**Problem details:**
Please count how many lines below contain the word "City" and reply with only that number.

**Source records:**
..........
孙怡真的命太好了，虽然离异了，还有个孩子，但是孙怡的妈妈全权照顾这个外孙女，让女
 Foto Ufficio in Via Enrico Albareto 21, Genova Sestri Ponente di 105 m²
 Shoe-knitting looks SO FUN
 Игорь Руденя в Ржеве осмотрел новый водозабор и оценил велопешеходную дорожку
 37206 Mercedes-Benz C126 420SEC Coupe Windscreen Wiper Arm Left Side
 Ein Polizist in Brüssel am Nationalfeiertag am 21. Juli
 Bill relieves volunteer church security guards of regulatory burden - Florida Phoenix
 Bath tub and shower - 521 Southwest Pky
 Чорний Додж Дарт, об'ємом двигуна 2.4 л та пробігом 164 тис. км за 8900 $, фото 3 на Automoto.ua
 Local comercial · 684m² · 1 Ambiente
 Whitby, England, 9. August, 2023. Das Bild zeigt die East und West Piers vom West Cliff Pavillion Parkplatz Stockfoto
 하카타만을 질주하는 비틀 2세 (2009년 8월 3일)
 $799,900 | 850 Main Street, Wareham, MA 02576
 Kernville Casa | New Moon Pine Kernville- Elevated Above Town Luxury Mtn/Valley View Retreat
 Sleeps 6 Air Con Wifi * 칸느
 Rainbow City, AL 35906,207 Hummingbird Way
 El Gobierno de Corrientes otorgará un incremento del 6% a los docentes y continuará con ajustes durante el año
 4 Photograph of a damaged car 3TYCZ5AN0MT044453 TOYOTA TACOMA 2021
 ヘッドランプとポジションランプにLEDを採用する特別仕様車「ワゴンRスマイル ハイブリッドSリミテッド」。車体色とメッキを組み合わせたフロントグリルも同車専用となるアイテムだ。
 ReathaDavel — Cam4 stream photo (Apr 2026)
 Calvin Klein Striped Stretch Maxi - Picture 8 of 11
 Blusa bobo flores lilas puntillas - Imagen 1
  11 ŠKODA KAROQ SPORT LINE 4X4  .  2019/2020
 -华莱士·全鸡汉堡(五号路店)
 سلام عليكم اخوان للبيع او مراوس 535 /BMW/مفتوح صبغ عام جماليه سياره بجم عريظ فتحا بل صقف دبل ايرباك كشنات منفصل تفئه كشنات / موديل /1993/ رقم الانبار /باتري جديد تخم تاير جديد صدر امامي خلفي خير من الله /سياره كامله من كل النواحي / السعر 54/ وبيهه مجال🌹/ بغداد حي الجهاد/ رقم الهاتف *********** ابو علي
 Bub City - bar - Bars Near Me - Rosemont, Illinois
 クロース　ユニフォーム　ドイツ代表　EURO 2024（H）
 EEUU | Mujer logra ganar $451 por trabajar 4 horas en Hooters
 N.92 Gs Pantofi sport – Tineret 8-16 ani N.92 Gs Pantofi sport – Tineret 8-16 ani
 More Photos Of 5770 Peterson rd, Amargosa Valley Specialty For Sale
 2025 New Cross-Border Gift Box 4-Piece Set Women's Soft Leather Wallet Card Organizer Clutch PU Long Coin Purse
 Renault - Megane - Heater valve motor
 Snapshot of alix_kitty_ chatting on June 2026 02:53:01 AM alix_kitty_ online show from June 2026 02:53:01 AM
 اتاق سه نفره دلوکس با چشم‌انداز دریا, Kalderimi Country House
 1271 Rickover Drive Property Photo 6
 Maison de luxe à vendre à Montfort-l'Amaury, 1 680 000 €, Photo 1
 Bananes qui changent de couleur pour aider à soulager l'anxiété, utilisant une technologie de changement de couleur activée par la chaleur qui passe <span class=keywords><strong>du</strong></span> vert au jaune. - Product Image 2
..........
**Result of the exercise:**
2